The _ = """ assignment is unnecessary, I guess it's just a habit I can't explain.
But the # noqa is necessary to pacify linters like flake8.
Without it:
(juriscraper) jhawk@lrr juriscraper % flake8 juriscraper/pacer/docket_report.py > /tmp/d1
# (manual edit to remote "noqa" from line 1671)
(juriscraper) jhawk@lrr juriscraper % flake8 juriscraper/pacer/docket_report.py > /tmp/d2
(juriscraper) jhawk@lrr juriscraper % diff -u /tmp/d[12]
--- /tmp/d1 2026-01-28 22:22:39.156195760 -0500
+++ /tmp/d2 2026-01-28 22:22:54.287570031 -0500
@@ -14,3 +14,12 @@
juriscraper/pacer/docket_report.py:1359:80: E501 line too long (80 > 79 characters)
juriscraper/pacer/docket_report.py:1390:80: E501 line too long (90 > 79 characters)
juriscraper/pacer/docket_report.py:1391:80: E501 line too long (87 > 79 characters)
+juriscraper/pacer/docket_report.py:1650:80: E501 line too long (147 > 79 characters)
+juriscraper/pacer/docket_report.py:1656:80: E501 line too long (148 > 79 characters)
+juriscraper/pacer/docket_report.py:1660:80: E501 line too long (276 > 79 characters)
+juriscraper/pacer/docket_report.py:1664:80: E501 line too long (544 > 79 characters)
+juriscraper/pacer/docket_report.py:1666:1: W191 indentation contains tabs
+juriscraper/pacer/docket_report.py:1666:1: E101 indentation contains mixed spaces and tabs
+juriscraper/pacer/docket_report.py:1667:1: W191 indentation contains tabs
+juriscraper/pacer/docket_report.py:1667:1: E101 indentation contains mixed spaces and tabs
+juriscraper/pacer/docket_report.py:1669:80: E501 line too long (118 > 79 characters)
I realize you're now using "Ruff" (which confusingly doesn't seem to do proper linting in my dev environment and I'm not sure why), but I would like my code to pass flake8.

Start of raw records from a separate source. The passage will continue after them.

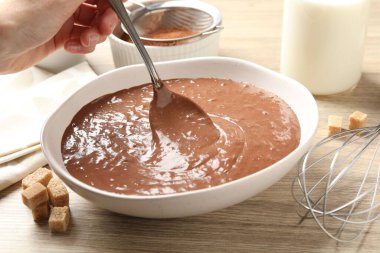 Ahşap masada kaşıkla çikolata hamuru alan kadın, yakın plan.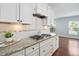 Close-up of the kitchen with granite countertops, white cabinetry and stainless steel appliances at 1104 Gaston Manor Dr, Durham, NC 27703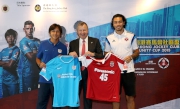 Representatives of Kitchee Lo Kwan-yee (left) and South China Sean Tse (right) present a team jersey to Club CEO Winfried Engelbrecht-Bresges (middle).
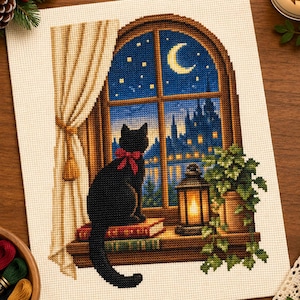 May include: A cross-stitch embroidery on white fabric depicting a black cat with a red bow sitting on a book by a window. The scene shows a night view with a crescent moon, stars, a city silhouette, a lit lantern, and a green potted plant.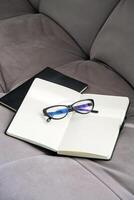 Pair of Stylish Black Glasses Rests on an Open Notebook Placed on Soft Gray Couch. photo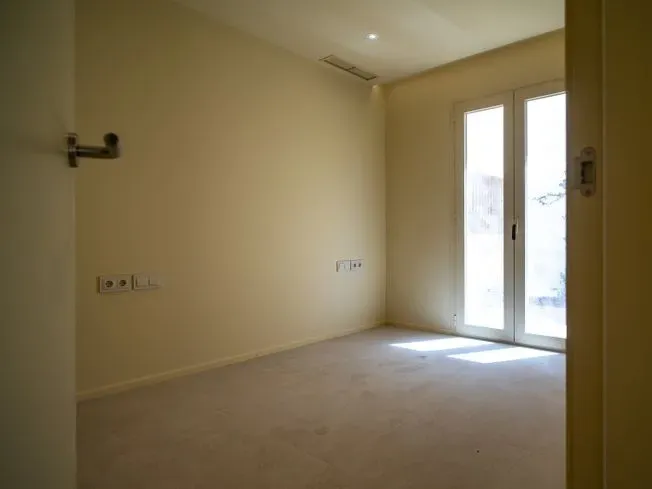 Habitación vacía con paredes beige, alfombra y puertas francesas, iluminación suave.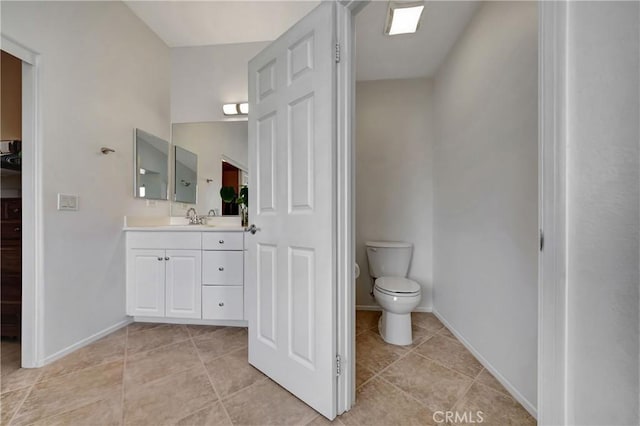 bathroom featuring tile patterned floors, vanity, and toilet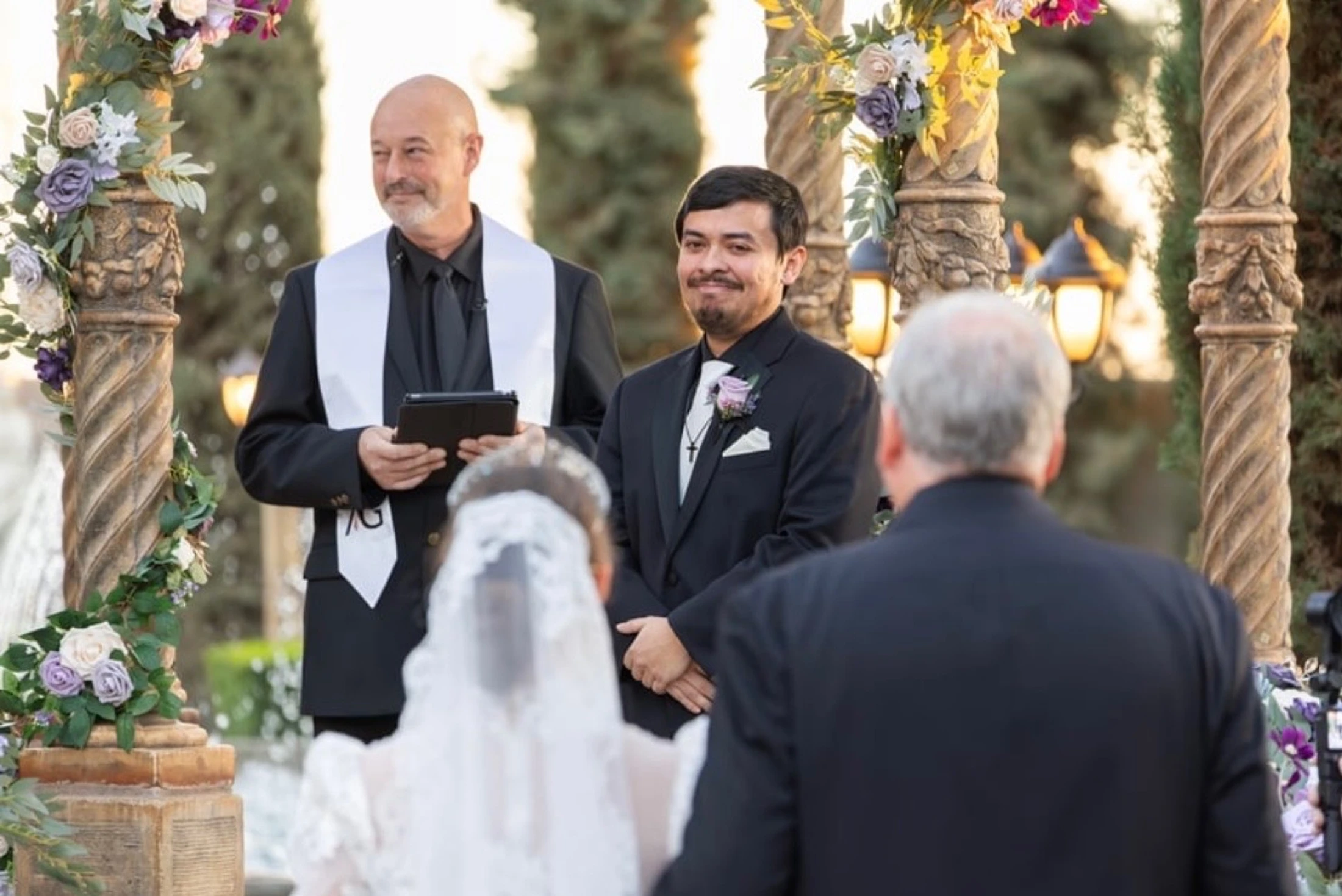 A smiling groom in a black suit watches his bride approach the altar during an outdoor wedding ceremony, with the officiant standing beside him.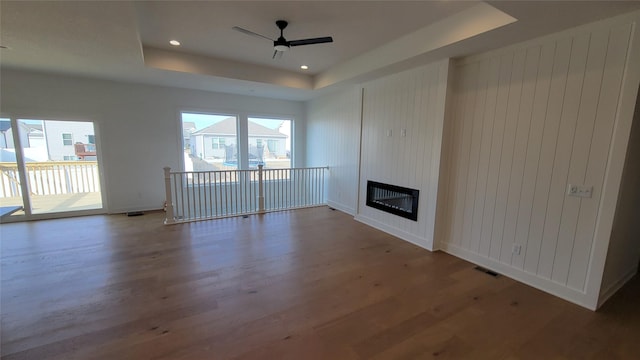 unfurnished living room featuring a tray ceiling, a healthy amount of sunlight, wood finished floors, and visible vents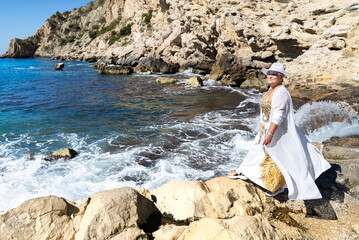 A woman in a long dress with a flowing white cape and a white hat stands among rocks on the shore...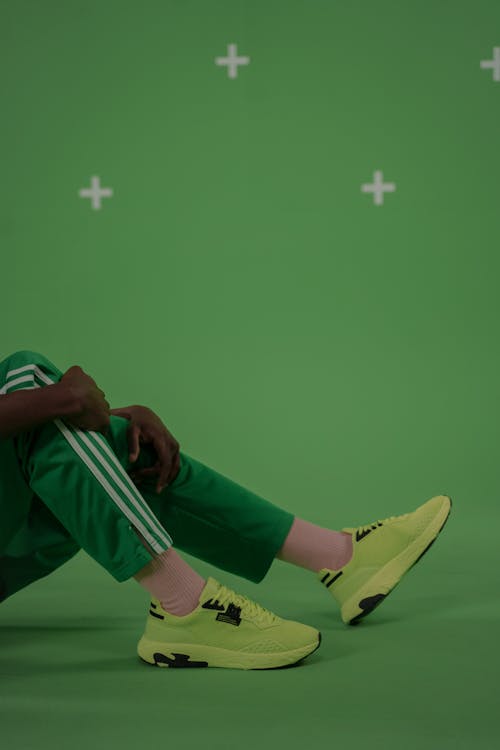 A Person in Green Jogging Pants and Green Sneakers Sitting on the Floor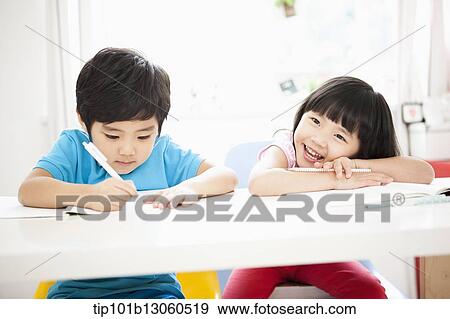 Stock Photo - kids at desk learning together. Fotosearch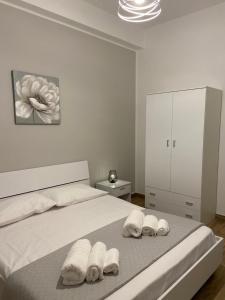 1 dormitorio blanco con 1 cama con 3 toallas en Appartamenti Al Fardella 365 en Trapani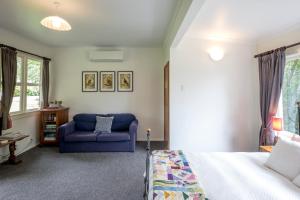 een slaapkamer met een bed en een blauwe bank bij Post Office Cottage - Self catering, escape to the country in Egmont Village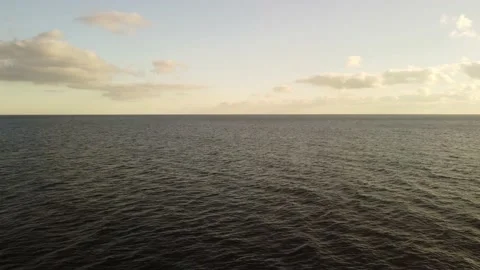 Aerial view on warm sunset over calm sea. Small waves on water surface in motion Stock Footage 221678063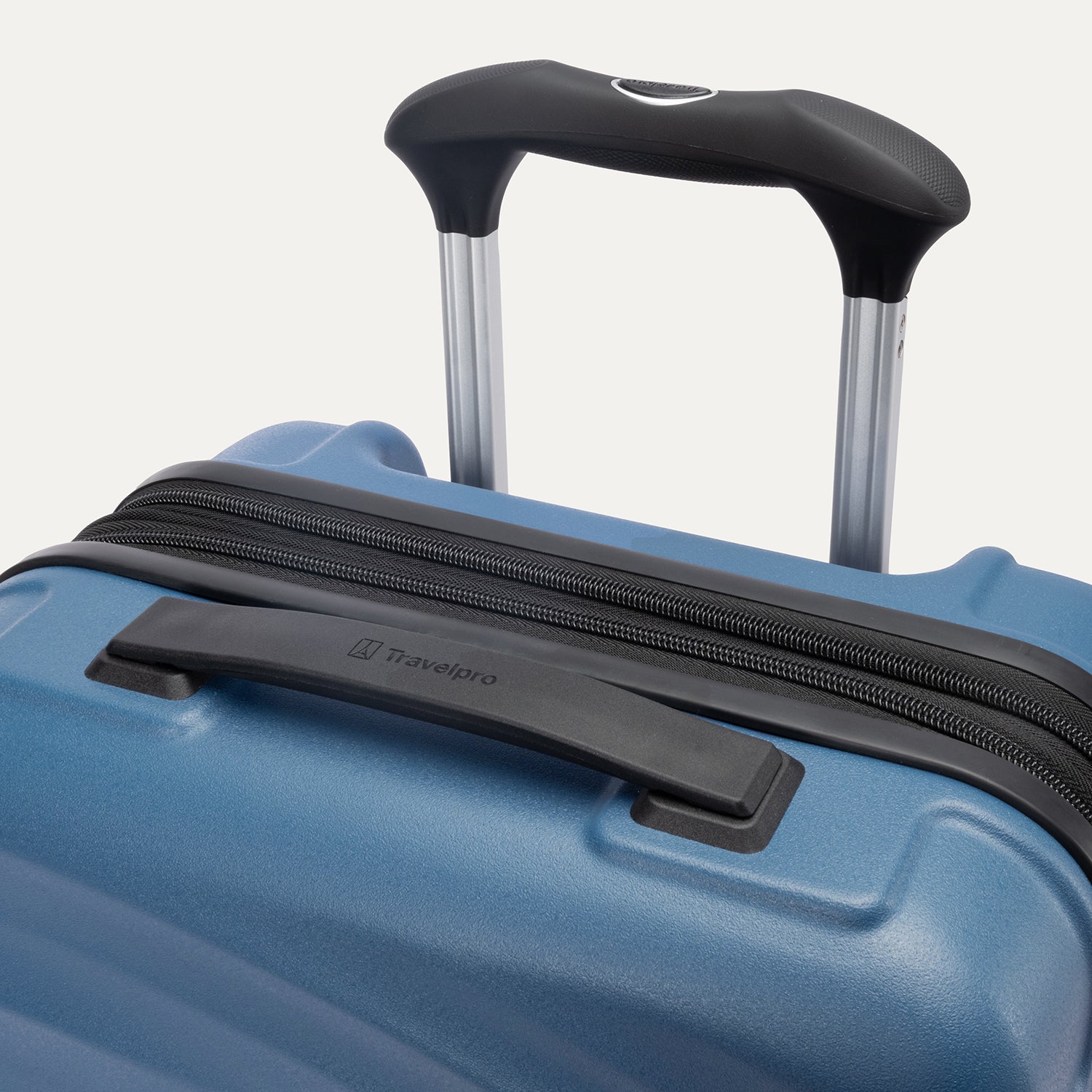 Top view of Travelpro Maxlite Air V2 Carry-On Spinner in Ensign Blue, showing Contour Grip and PowerScope Lite Handle.
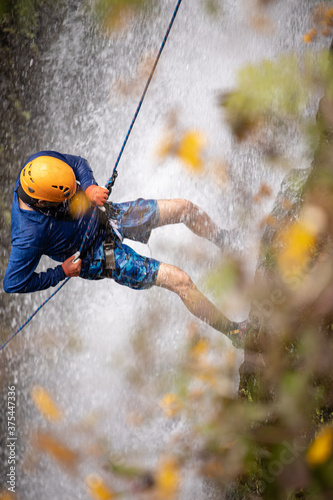 Amateur Man rappelling down a waterfall photo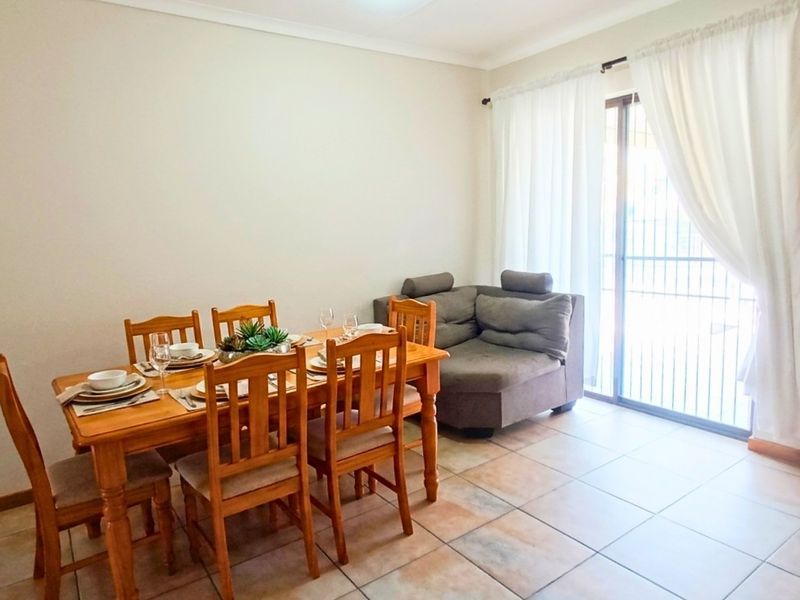 A dining area featuring ceramic floor tiles and a sliding glass door with security gate, providing access to the outdoor space.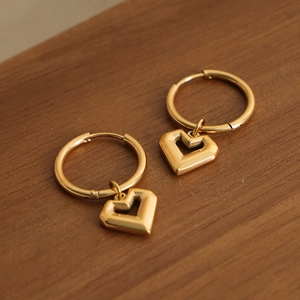 Gold-plated heart-shaped open hoop earrings featuring a minimalist geometric design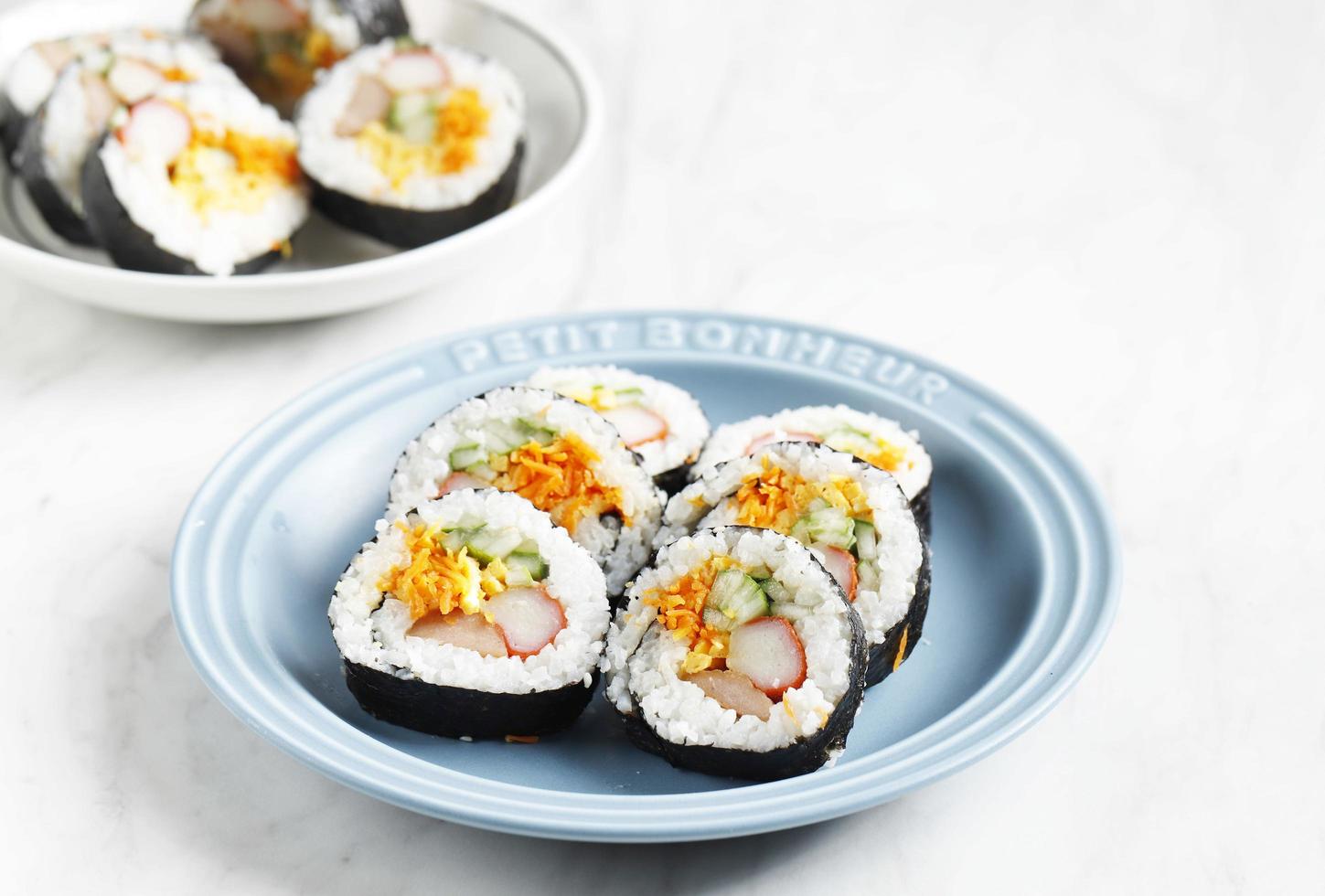 korean roll gimbap kimbob ou kimbap feito de bap de arroz branco cozido no vapor e vários outros ingredientes, como kyuri, cenoura, salsicha, vara de caranguejo ou kimchi e envolto com pia de algas marinhas foto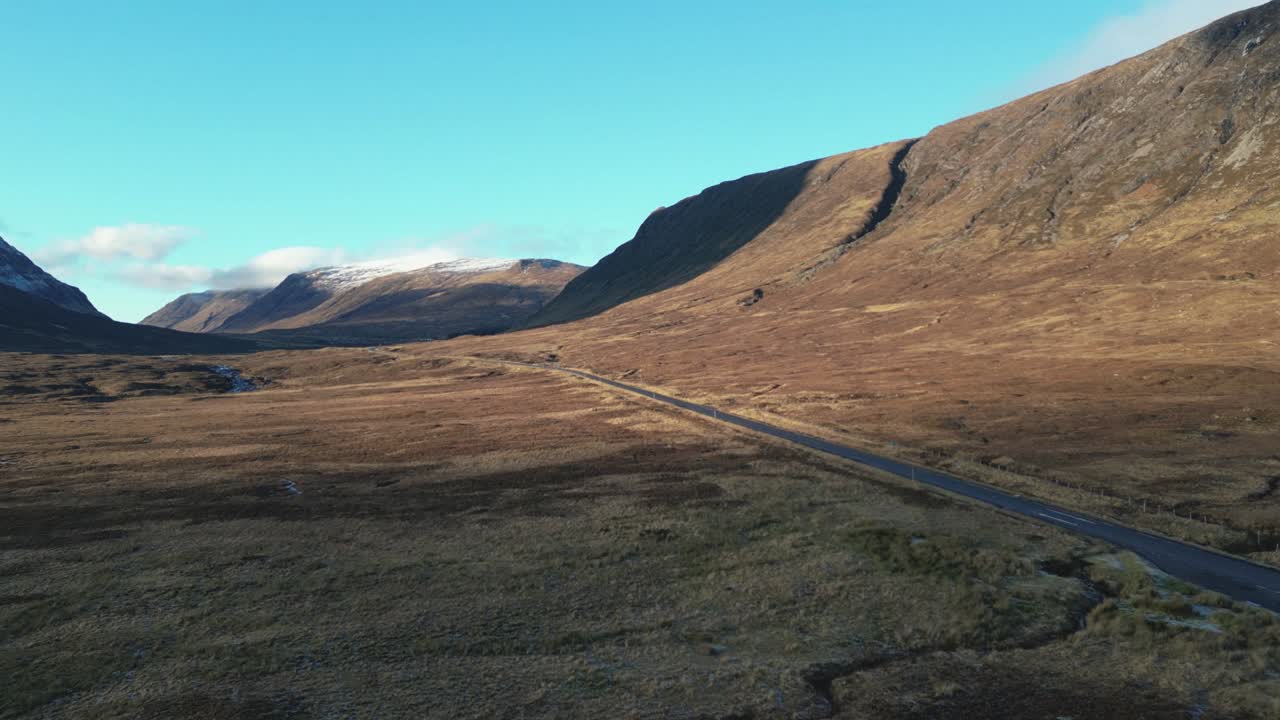 Carretera remota en el valle serpenteando por Glencoe con imponentes montañas, cielos despejados, Escocia, vista aérea.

(Although the spaces/tabs probably should be fixed)
There was a problem hiding this comment.
Cool. Let's just drop the _ = """ business, please.


When a docket report is run with the Notices of Electronic Filing checkbox enabled, silver ball links appear in the document number field of the docket report, which breaks our parser.
This checkbox is only available to filing users and non-filing (non-PACER) users in some districts, and it's not usually the default, but it apparently is in D.Minn. Hence my docket reports were not appearing in RECAP.
Fix the parser by ignoring "view" if it appears as text in the document number field; properly raise a ValueError if there is a problemetic document number rather than silently throwing away the docket entry; document some of the fragility problems with the parser (that can lead to things like
['pacer_doc_id': 'Dis0layReceipt.pl']; clarify some pretty confusing code. Improve docstrings.Add a test.